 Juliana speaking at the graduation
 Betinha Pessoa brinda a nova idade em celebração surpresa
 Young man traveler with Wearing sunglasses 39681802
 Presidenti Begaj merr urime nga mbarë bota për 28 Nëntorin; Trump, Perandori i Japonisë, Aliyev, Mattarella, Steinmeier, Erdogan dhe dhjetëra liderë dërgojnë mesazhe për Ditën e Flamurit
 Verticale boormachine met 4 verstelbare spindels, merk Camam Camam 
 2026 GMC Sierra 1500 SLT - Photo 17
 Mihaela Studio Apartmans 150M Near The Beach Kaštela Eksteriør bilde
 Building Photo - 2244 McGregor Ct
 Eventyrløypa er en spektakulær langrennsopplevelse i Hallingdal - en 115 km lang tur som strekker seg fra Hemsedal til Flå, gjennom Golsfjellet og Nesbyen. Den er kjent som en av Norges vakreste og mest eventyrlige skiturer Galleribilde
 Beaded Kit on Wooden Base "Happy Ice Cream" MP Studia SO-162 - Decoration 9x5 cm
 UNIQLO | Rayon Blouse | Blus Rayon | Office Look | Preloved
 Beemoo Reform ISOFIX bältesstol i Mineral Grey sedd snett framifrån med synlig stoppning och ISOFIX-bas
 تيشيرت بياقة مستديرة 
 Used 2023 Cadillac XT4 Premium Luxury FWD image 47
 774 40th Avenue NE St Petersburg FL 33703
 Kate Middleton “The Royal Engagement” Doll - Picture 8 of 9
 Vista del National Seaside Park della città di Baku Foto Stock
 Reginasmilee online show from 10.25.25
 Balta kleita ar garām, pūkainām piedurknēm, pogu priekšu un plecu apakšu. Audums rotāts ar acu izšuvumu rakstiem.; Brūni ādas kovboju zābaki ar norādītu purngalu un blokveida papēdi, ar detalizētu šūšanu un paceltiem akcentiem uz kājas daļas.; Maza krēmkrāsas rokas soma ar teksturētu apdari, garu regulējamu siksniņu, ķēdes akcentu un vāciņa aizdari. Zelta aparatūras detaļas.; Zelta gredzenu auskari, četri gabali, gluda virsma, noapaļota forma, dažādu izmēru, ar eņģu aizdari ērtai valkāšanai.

◆ ◆ ◆

What you write should match, character for character, the lines from the one with "Picture 8 of 9" to the end of the data, both included.

 Kate Middleton “The Royal Engagement” Doll - Picture 8 of 9
 Vista del National Seaside Park della città di Baku Foto Stock
 Reginasmilee online show from 10.25.25
 Balta kleita ar garām, pūkainām piedurknēm, pogu priekšu un plecu apakšu. Audums rotāts ar acu izšuvumu rakstiem.; Brūni ādas kovboju zābaki ar norādītu purngalu un blokveida papēdi, ar detalizētu šūšanu un paceltiem akcentiem uz kājas daļas.; Maza krēmkrāsas rokas soma ar teksturētu apdari, garu regulējamu siksniņu, ķēdes akcentu un vāciņa aizdari. Zelta aparatūras detaļas.; Zelta gredzenu auskari, četri gabali, gluda virsma, noapaļota forma, dažādu izmēru, ar eņģu aizdari ērtai valkāšanai.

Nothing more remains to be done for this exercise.